We’ve finished our work in the first working area near Neumayer station on the very eastern edge of the Weddell Sea, and we’re now transiting through the Lazarev and Riiser-Larsen Seas to the Cosmonauts Sea, where we will drop off our land team. Then we continue east to the Cooperation Sea, near the Australian Mawson Station, our second major working area. In all, the transit between our working areas is about 3500 km, longer than the entire Eastern Seaboard of the US.
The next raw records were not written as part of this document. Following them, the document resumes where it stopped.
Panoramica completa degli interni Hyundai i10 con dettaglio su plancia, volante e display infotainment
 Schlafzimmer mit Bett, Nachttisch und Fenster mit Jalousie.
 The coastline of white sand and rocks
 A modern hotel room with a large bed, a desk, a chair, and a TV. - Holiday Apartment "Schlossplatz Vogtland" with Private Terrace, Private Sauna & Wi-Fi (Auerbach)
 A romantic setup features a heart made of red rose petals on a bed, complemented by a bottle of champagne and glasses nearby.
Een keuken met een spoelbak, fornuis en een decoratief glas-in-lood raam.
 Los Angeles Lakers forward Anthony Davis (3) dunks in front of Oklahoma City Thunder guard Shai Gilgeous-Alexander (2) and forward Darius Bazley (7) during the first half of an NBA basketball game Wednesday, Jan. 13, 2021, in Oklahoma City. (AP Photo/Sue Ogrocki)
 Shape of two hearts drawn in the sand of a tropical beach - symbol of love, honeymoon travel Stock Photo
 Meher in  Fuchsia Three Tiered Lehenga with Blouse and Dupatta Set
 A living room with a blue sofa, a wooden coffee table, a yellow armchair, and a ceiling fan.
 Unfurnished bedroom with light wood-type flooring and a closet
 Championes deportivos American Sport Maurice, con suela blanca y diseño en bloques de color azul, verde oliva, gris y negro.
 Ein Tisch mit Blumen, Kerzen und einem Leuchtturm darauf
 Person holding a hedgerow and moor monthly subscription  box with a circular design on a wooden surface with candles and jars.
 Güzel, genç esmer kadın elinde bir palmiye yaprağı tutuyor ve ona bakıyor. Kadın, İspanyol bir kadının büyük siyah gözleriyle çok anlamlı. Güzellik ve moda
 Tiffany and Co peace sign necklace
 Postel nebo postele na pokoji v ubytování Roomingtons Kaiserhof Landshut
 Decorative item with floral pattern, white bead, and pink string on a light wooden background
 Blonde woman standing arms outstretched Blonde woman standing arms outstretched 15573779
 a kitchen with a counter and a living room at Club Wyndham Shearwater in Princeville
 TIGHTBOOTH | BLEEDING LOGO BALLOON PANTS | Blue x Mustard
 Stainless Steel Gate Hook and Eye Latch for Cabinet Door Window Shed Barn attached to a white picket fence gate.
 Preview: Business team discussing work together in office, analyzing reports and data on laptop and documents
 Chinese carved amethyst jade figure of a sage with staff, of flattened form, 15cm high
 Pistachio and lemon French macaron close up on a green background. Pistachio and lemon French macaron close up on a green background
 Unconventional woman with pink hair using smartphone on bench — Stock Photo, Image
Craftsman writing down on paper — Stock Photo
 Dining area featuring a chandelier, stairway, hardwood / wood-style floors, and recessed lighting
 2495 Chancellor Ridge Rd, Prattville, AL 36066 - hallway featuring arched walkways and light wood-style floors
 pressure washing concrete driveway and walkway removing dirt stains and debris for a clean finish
The transit has been a more relaxing time than the full-on 4 pm ‒ 4 am 12-hour shifts in our first working area (and soon to be the case again in our second working area), but it’s still been a little topsy-turvy. For one thing, we’re still on our shift patterns, but finishing at midnight, not 4 am. That leaves me in the slightly odd position of having free time from midnight to 4 am when few others are awake, and when nearly thirty years of training say I should probably be heading to bed. If I do I can’t sleep, since midnight is the equivalent of about 7 pm. Happily, the Germans are doing their best to fill those hours for me, usually with beer. If it’s not just a Feierabendbier (their special word for after-work beers), then it’s a full-on party.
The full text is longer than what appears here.